Let's look at some of these recommendations more closely:
1. Underlay stitches and connector stitches lengths
By default the running stitch even in different editors is 2—3 mm long. This is the perfect length for the outlines, but it is too short for the understitching. Without any hesitation, you can make the underlay stitches 4—5 mm long, and that will lower the underlay stitch count by 40—50%. This will not work well with the narrow stitch columns less than 2 mm wide. But in other cases, you should not lose the opportunity to increase stitch length.
It's better not to use the dynamically varying stitch density in order to save up on stitch count, but set the right density value manually, in accordance with the size, color and type of the fabric. But to do that you'll have to work hard, using both your hands and brains because every object containing stitches of varying size needs to be split into several pieces. Each one of these parts will have its individual embroidery parameters.
If you have more that one layer of stitches, you'd better not forget to lower the density of every new layer by no less 10%.
It's also advisable to increase the fill stitch length by at least 25% as compared to the default value. But you'll need to do a test run after a change like that.
3. Trimming and color change
One should reduce the number of trims and color changes. All of these operations require time that equals to embroidering 130 and 65 stitches, respectfully. Why so many? Because the machine lowers its speed before every trim, and then has to accelerate again.
Besides, every trim calls for the tie-off at the beginning and the end of the objects. And even taking into consideration that a tie-off contains only a few stitches, but, if you have lots of them, it means additional stitches.
4. Making the design simpler
The easiest you can do is remove the satin stitch outlines or replace them with the running stitch ones. You should be careful doing this: running stitch outlines are considered the most complex of all. It is extremely difficult for them to hit the right spot, without gapping and overlapping. Difficult, but not impossible.
The machine embroidery design of your choice may contain a large number of details. You should define the size of these details when assessing the image. For example, it is recommended to embroider details that are less than 1 mm in size with running stitches or remove them altogether.
5. Replacing the pre-digitized fills with the ones digitized manually
Not so long ago I had a vital necessity of saving the stitches, for we outsourced the embroiderers for a huge project. And the embroiderer, as you know, is paid per thousand stitches. Therefore, we needed to reduce the stitch count to fit the budget.
My design had 83000 stitches. So I had to select the elements manually, throwing away everything I could spare. I managed to save the largest number of stitches by manually changing the motif patterns. The pattern was ultimately simple: one layer of running stitch curves.
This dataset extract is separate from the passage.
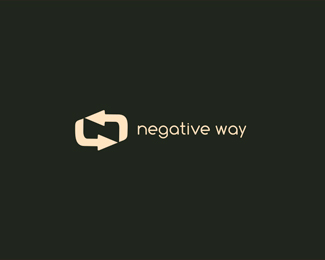 Negative way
So, I decided to get rid of the already existing pattern, add a new one manually, and digitize it with the running stitch. The resulting cut in the stitch number was about 20-25% for every object. What was especially good was that when you drew the stitches manually on the already existing pattern, you could see in what places you could do without it at all, and lower the stitch count even more. Thanks to these easy manipulations I managed to save about 12000 stitches.
So much for you stitch count algorithms. Often your own two hands are better that any automatic device. The only disadvantage of this method is that it takes a bit more of your time.
P.S.: I just remembered another method of saving the stitches, which I use. I slightly move the edges of the fills. This option has a different name in different editors. For example, in Stitch Era, there is Exclusion Margin, and in Tajima the similar option is called Critical Zone. With it help you may eliminate about 3% of stitches by simply moving the fill pattern 1 mm from the edge, the alteration being almost invisible to the eye.
Together with the aforementioned methods, it will help you to make the design much simpler and lower the production costs.